Do you recall how many times you’ve read articles titled “This is what a Data Scientist does” or “Differences between a Data Scientist and a Data Analyst”? Such articles usually come with various colourful (and sometimes funnily shaped) Venn diagrams, arbitrarily presenting the overlap of the various data professions and highlighting the distribution of different activities (e.g. ML modelling, data storing, data visualisations) across the different data roles. That’s usually fine for the average reader to acquire a high level, rough overview of the various data roles, but do we, as data professionals, know in detail what other data roles comprise of? Wouldn’t it be great if we could extract all this (and more) information directly from actual data and get more detailed and less biased results?
The present analysis makes use of the data collected from the 2019 Kaggle ML & DS Survey and attempts to build a profile around 6 key data roles, shedding some light into their activities and preferences and unravelling some urban myths.
- Does a Data Engineer spend time doing Computer Vision?
- Is Machine Learning something that a Data Analyst does?
- Which data professions use linear regression more than any other ML algorithm? (spoiler alert: ALL of them)
- Is anyone still reading academic publications or do we all just learn from blogs?
Let’s find out!
The analysis focuses on 6 data roles: Data Scientist, Data Analyst, Research Scientist, Business Analyst, Data Engineer and Statistician. A key component of each role’s profile is the data-related activities professionals practice as part of their job. Based on the data provided, 7 key areas are taken into consideration:
- Data Analysis – Analysing and understanding data to influence product or business decisions
- Data Visualisation – Using data visualisation libraries and tools on a regular basis
- Data Infrastructure – Building and/or running the data infrastructure that the company/organisation is using
- Applied Machine Learning – Building or iterating over ML models to improve existing products/workflows or applying ML on new problems
- Machine Learning Research – Doing research that advances the state of the art of ML
- Computer Vision – Using computer vision methods on a regular basis
- Natural Language Processing – Using NLP methods on a regular basis
Information about most data activities can be extracted directly from the answers provided to the question “Select any activities that make up an important part of your role at work”. However, some of them are being inferred indirectly from answers provided to relevant questions. E.g. if someone’s answer to the question “Which categories of computer vision methods do you use on a regular basis?” is anything but None, then one can infer that this individual is practicing Computer Vision, at least to some extent.

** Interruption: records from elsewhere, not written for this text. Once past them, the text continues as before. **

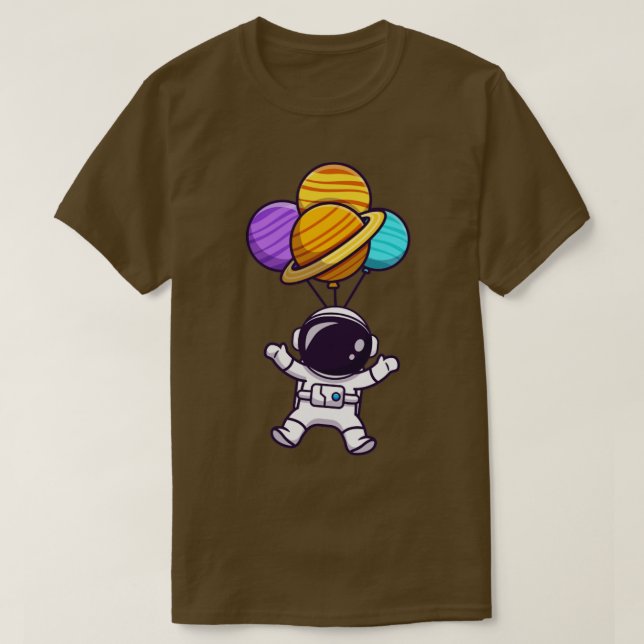 Cute Astronaut Floating With Planet Balloon In Spa T-Shirt (Design Front)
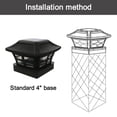thumbnail image 4 of Solar Post Lights Outdoor, Solar Lamp Post Cap Lights for Wood Fence Posts Pathway - black (leaf), 4 of 5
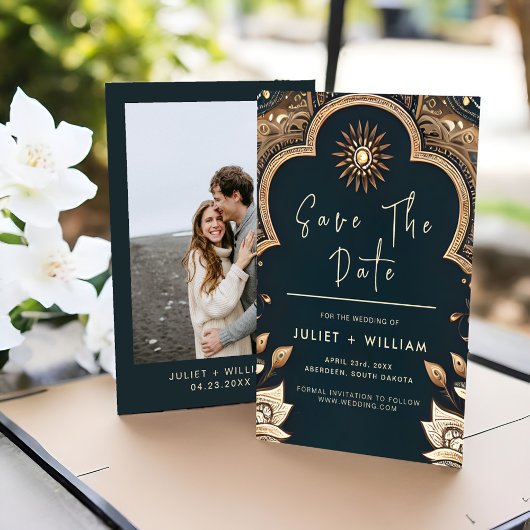 Palace Hindi Henna Mehndi Indian Style Wedding Save The Date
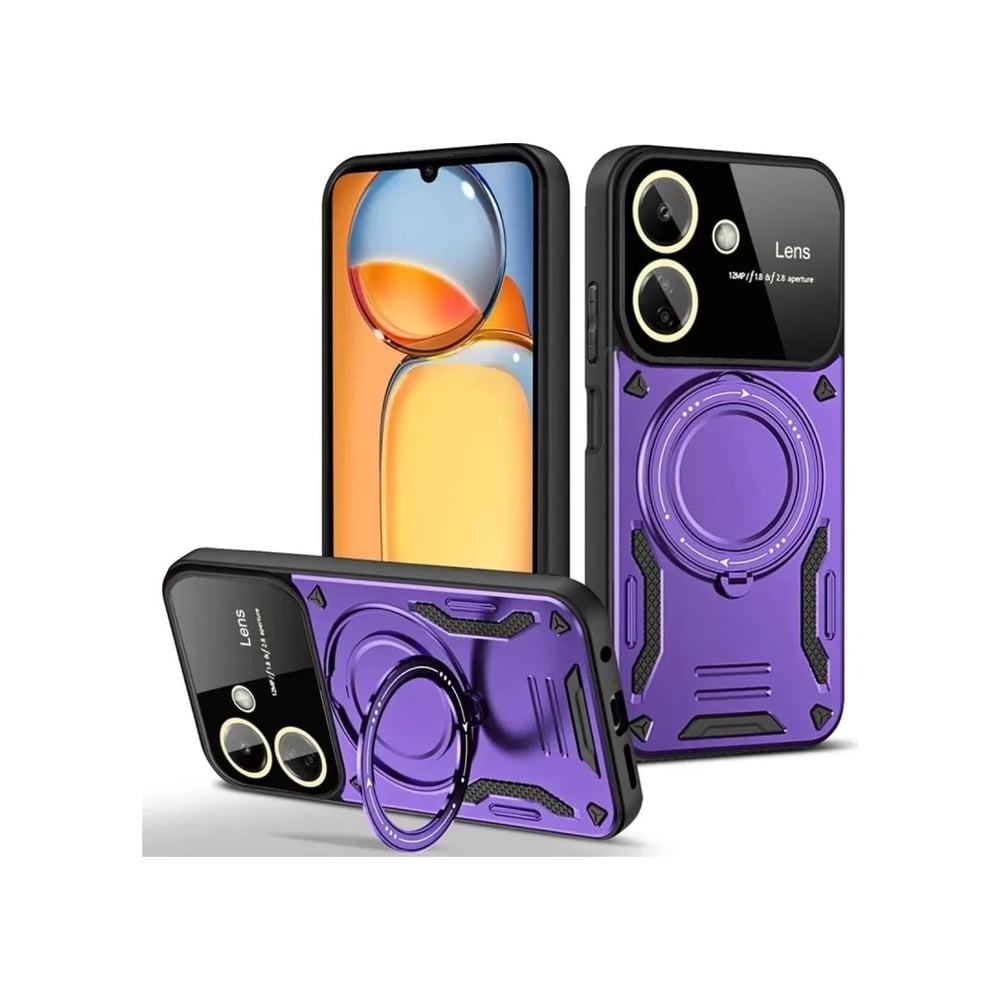 Xiaomi Redmi 13c Uyumlu Kılıf Joy Lens Standlı Kapak - Mor Belirtilmemiş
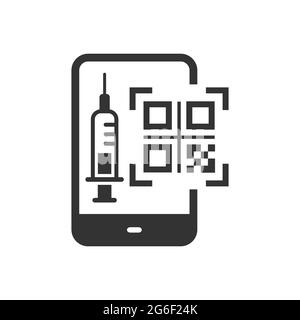 QR code vaccine icon. Vector illustration isolated on white. Stock Vector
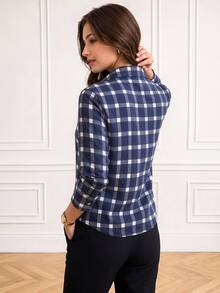 SwallowLucky Plus Size Plaid Shirt With Houndstooth Pattern, Front Button-Down, Pocket, Button-Up, Plaid Buttons, College Style, Casual Wear - Blue - View 3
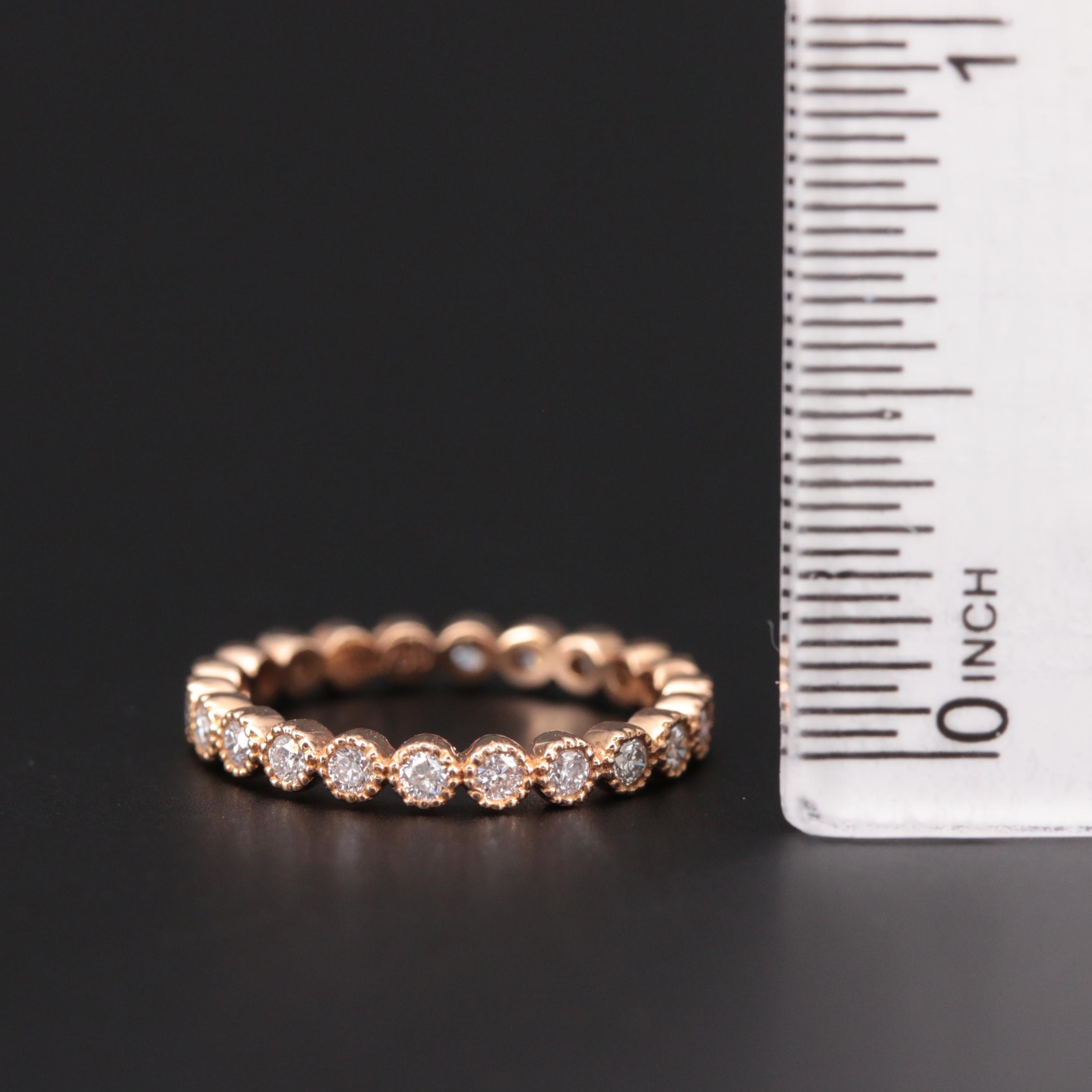 18K Rose Gold Diamond Eternity Band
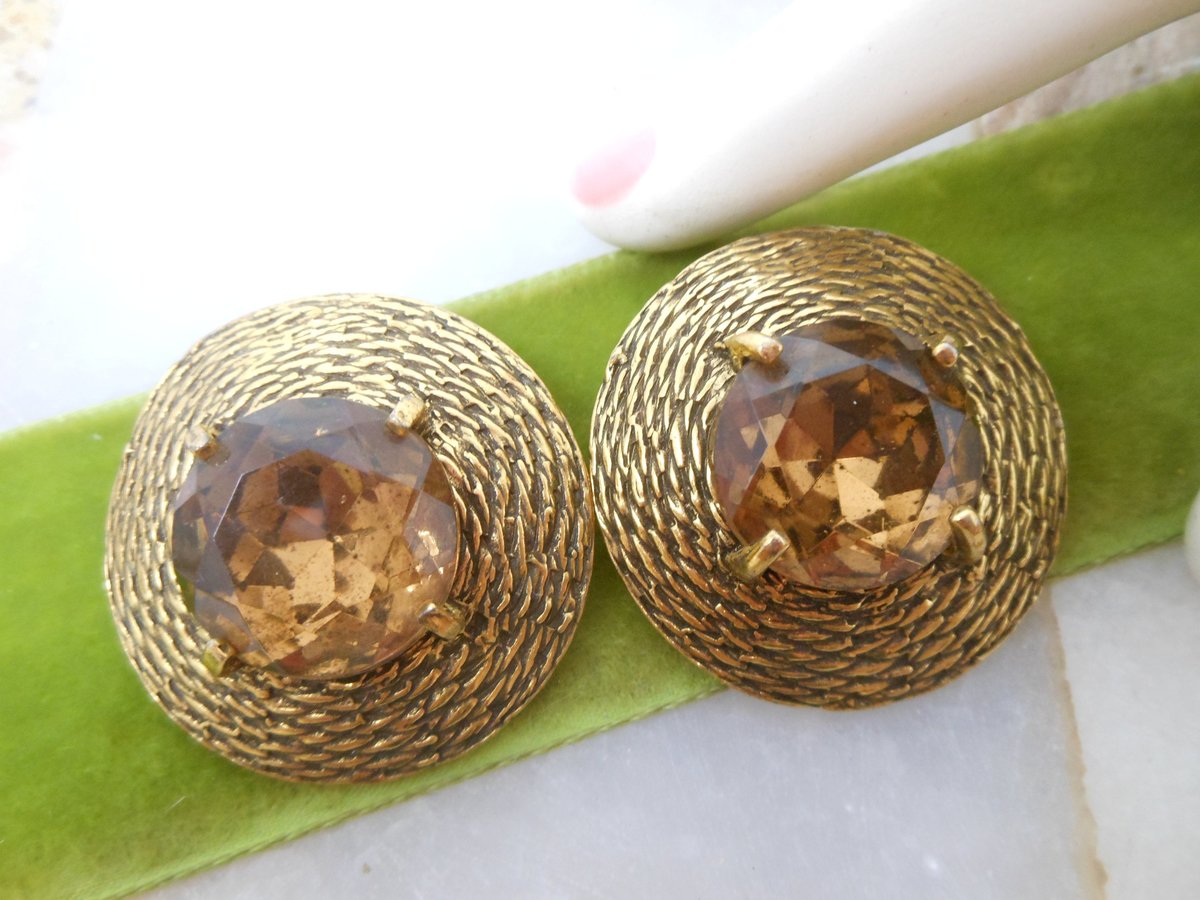 Vintage Huge Topaz Earrings Jumbo Clip On Rhinestone Crystal Runway Mogul Mid Century Jewelry Gift, VivianJoel.com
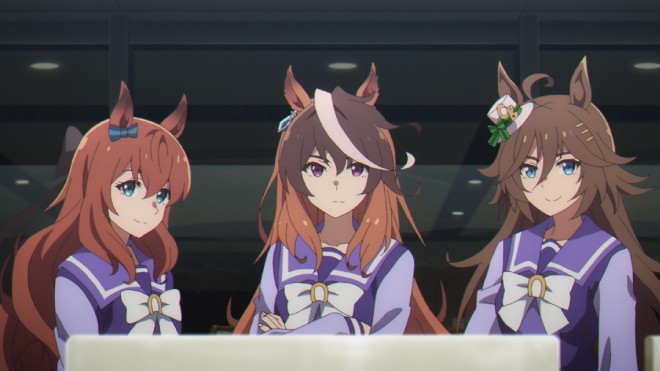 Scene preview from Episode 9 of Uma Musume: Cinderella Gray, showing Oguri Cap and Symboli Rudolf amidst the charged atmosphere of the Japanese Derby. The characters are illustrated with intense expressions and dynamic movement, symbolizing their emotional and competitive stakes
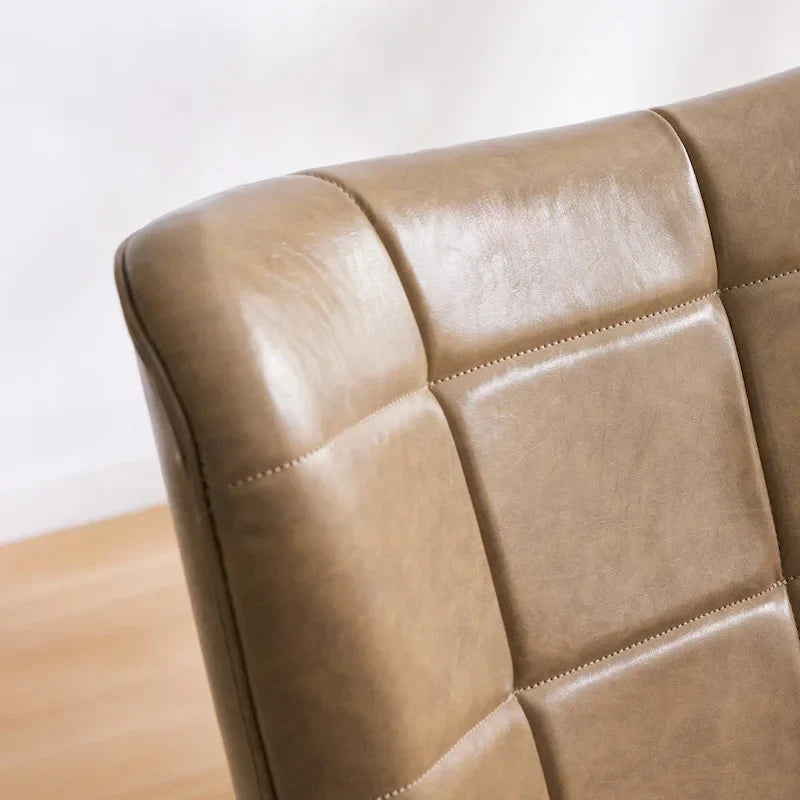 Set of 2 High-Back Tufted Accent Chairs in Cream, Brown, and Taupe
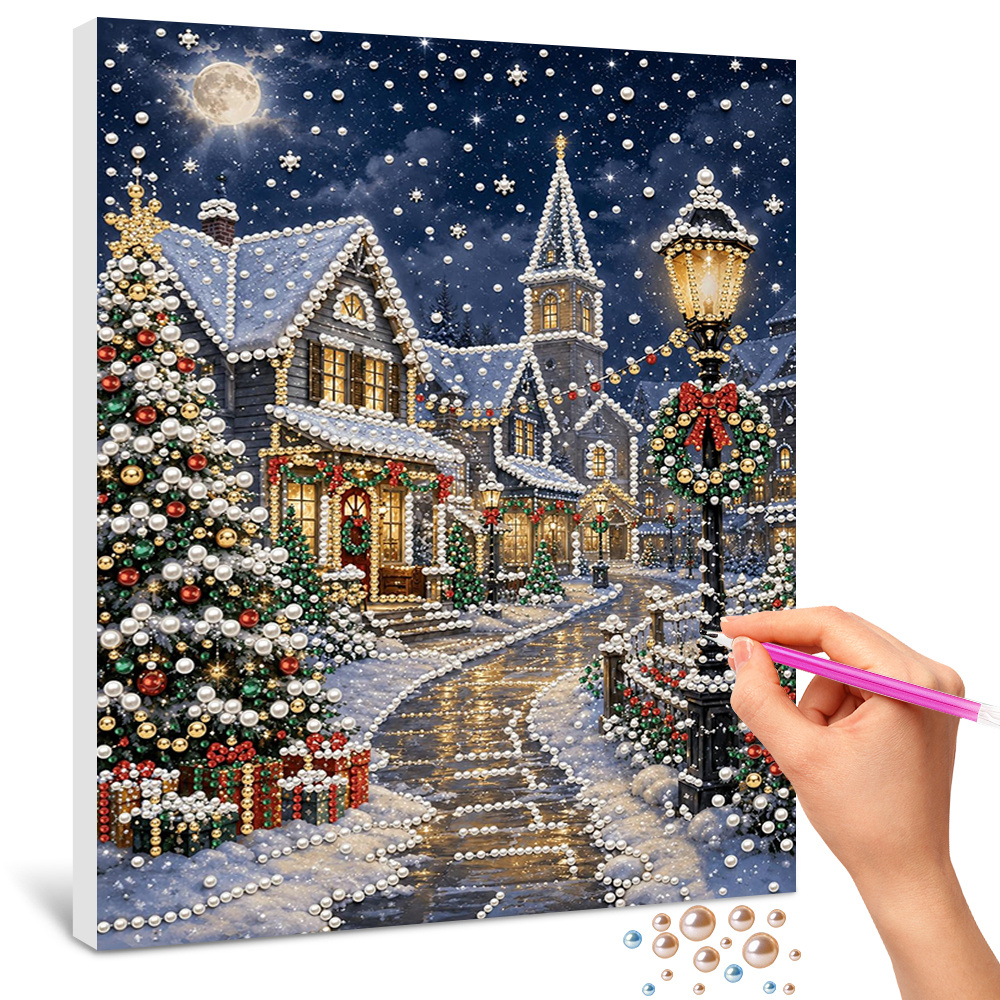 TEMU Kit de peinture diamant à faire soi-même pour adulte « Village de Noël » - Artisanat d'hiver enneigée, décoration murale de fêtes douillette et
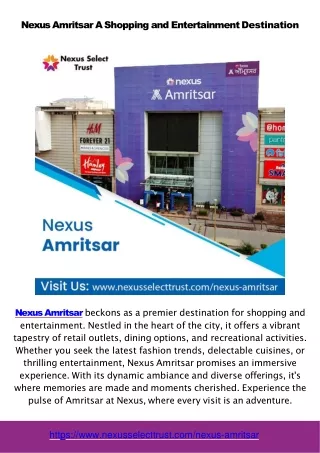 A Deep Dive into Nexus Amritsar and Nexus Seawoods Navi Mumbai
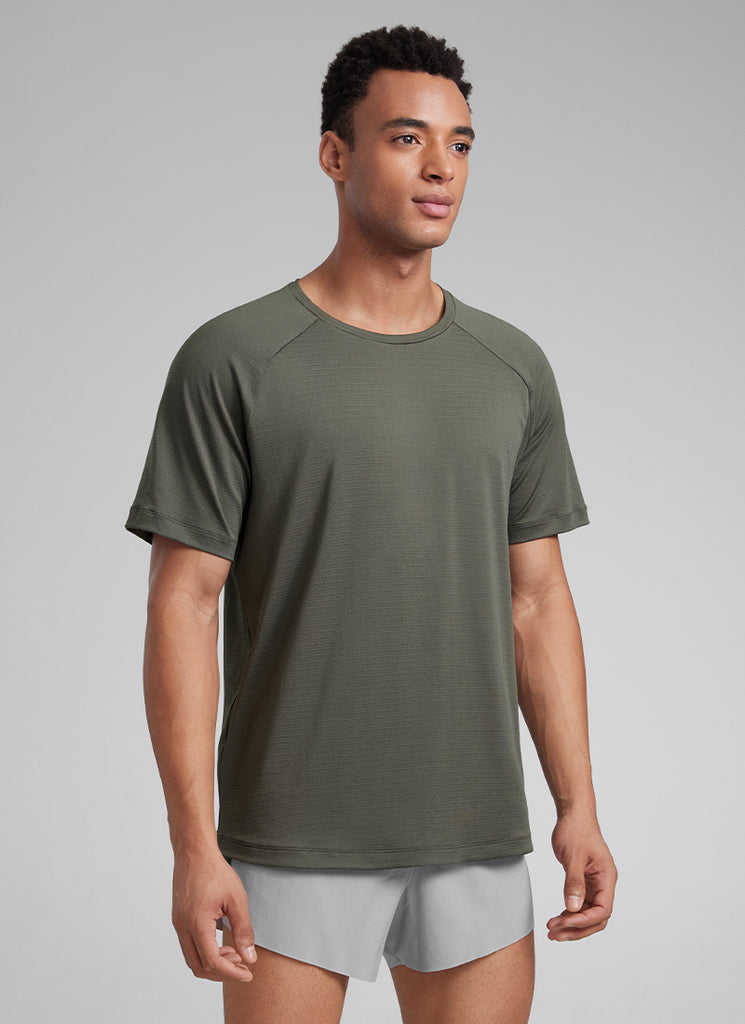 CRZ YOGA Men's Running Classic Fit Shirts Lightweight Short Sleeves Mysterious Grey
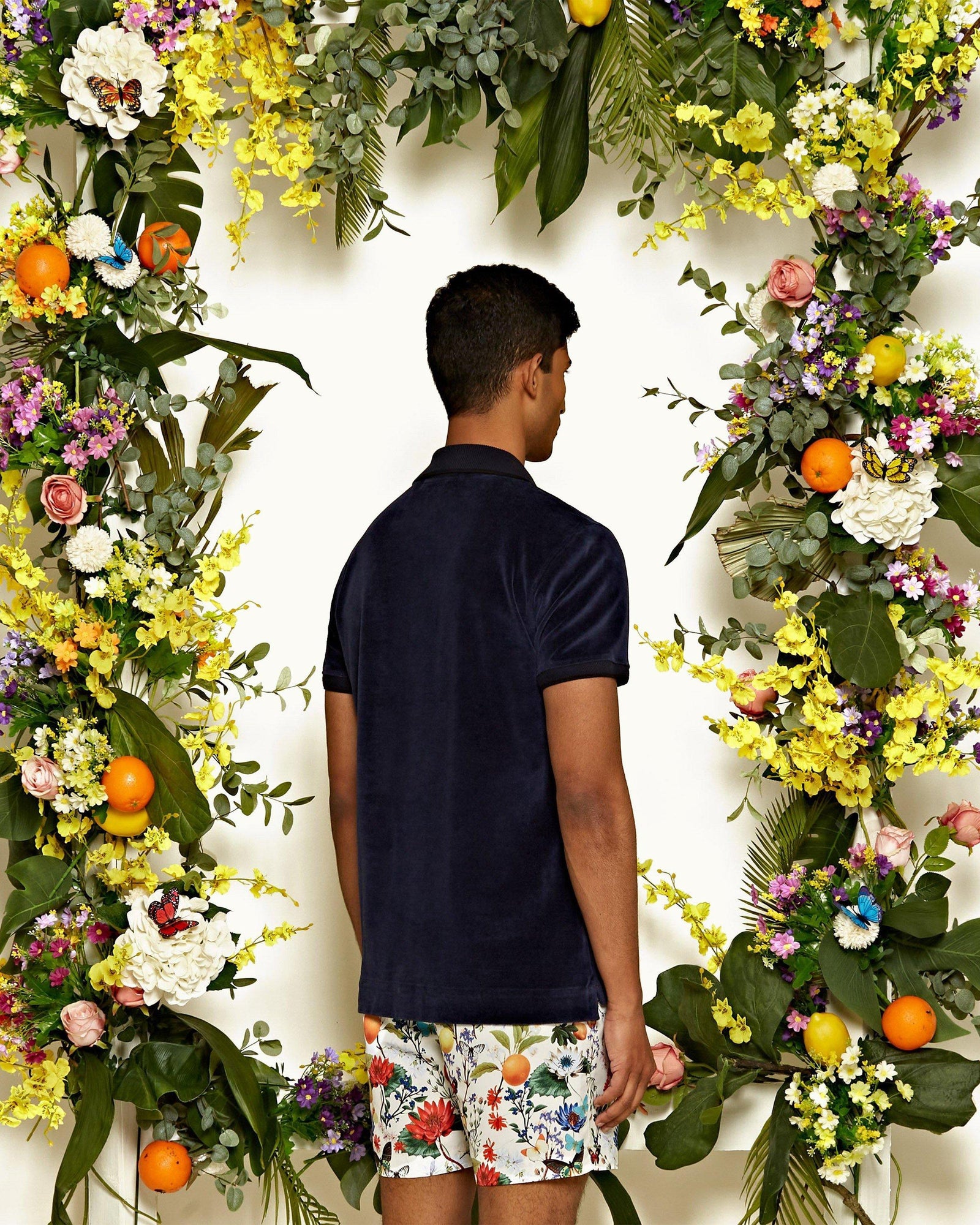 Bulldog Almond/Multi Botanical Mid-Length Swim Shorts | Almond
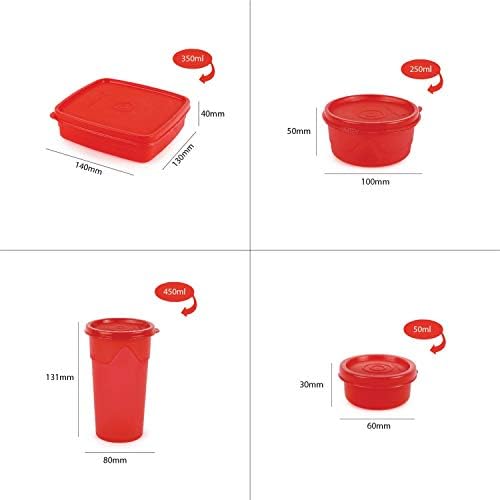 Image of CELLO MF Plastic Sling Lunch Box | Leather Carry Pouch | Office | School | Set of 5 Containers, Orange, 250 Milliliter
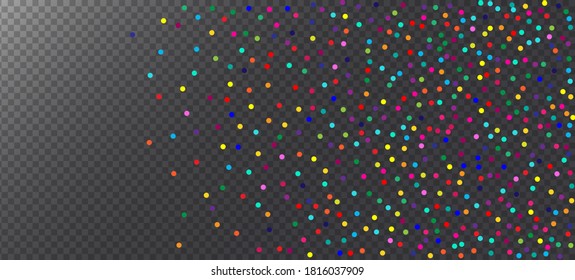 Rainbow Confetti Modern Vector Wallpaper. Holiday Celebration Christmas, New Year, Birthday Sparkle Decoration. Falling Down Shiny Circles Frame. Rainbow Confetti Falling. Carnival Minimal Garland.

- It is important to highlight that the subsequent radar charts are not an indication of how skilled people from each profession are. They show the proportion of people from that role practicing each data activity.
Profiles are additionally complemented by information about:
- Salaries – How much does each profession earn per year (focusing on US salaries).
- Education / Learning – Academic degrees, online learning platforms and media sources.
- Tools and Algorithm Preferences – Algorithms, programming languages and other tools.
Data Scientists are the highest paid group. Given that they are very active across all 7 categories, this should be no surprise.
More than 70% of Data Scientists do applied Machine Learning, but just over 20% claim to do ground breaking ML research. Another piece of evidence that you don’t need a PhD to join the club.
Almost 40% build or run Data Infrastructure in their organisations. Is this the best way to use a Data Scientist’s time? Maybe management needs to understand the importance of hiring Data Engineers.